I am a skydome man personally, but some people swear by skyboxes. Every sky box I’ve seen, even in games, looks like a box to me - you can see the seams. My skydome in the Ayleth demo is 128 faces, which equals 1 minor prop.
I’ll say this, and I don’t mean any offense by it. You are a long way away from selling a game, so use these for now, and by the time you are skilled enough to create and sell a full game, you’ll have found some that you can use.
As I say, I don’t mean any offense by that. I’m basing that on the questions you’ve asked me personally about texturing etc. I just mean don’t get ahead of yourself. It’s difficult to create a game. Develop your skill first, and then worry about selling a game.
But if you feel that you’ll be selling your first game soon, here you go:
I doubt it aswell =) I just want to sorta be ahead of time cause lot easier to go threw using commercial stuff than keep track of each thing that isnt that will need replaced if somehow a game is sellable.
If you do want to create your own sky dome, this site will guide you step by step through a simple process, just click on the first tutorial on the page and skip to where he talks about sky domes.
I need to play with the dome modes when I download a stable version of 2.5.

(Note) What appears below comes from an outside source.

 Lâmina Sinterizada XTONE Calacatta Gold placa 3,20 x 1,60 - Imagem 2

The other good thing about skydomes is that you can have a second dome, slightly smaller and inside the first dome, with transparent clouds on it, rotating really slowly, giving the sky a subtle motion effect. Ok, so the clouds go in a big circle. But you don’t notice that. All you notice is that the clouds move a little. I’d like to figure out how they do the moving clouds in Guild Wars and Oblivion…
I am scared to move to 2.5 as I am still learning blender and doing that could screw me up, and when I goofed with 2.5 the layout and keys were all diffrent … I sorta hated that atleast until I have time to sit down and set up and get use to everything.

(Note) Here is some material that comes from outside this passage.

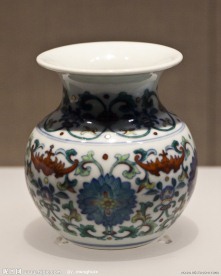 斗彩花卉纹尊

I’ve just started learning 2.5. I need to…the renderer is faster, the GE is faster. I’ve already found several things I like better than 2.49. Scary though…
The Gimp has a nice filter for sky domes, just take a pic yourself of the sky and use the “Polar Coordinates” filter and there you have a nice texture for a sky dome.
GIMP is more user friendly in my opinion and very simular to photoshop, it can do about 95% the same I would say. I learned photoshop at school, took me just a few hours max to figure out how to work with GIMP.
A bit more on topic: I can understand that even if you are far away from developing commercial games, that it is nice to create something you can re-use some day. You can’t do that much wrong creating a skydome, moddeling a human head or something… that might be another thing.
Ok, played with the polar coords filter. 2 issues to watch out for - use the widest cloud image possible - a full panorama is best. I used a large regular 35mm size photo and it looked fine, but kind of stretched - because I turned a maybe 20 degree angle of the sky into a 360 degree pano. The othere issue is that when you us the polar coords, you’ll have to do some fancy blending at the seam, which will look bad. Instead, make a copy of the layer and rotate it 180, then use a really soft eraser to remove roughly the half that is not covering the seam. Just be sure you don’t end up with 2 suns…Good solution though.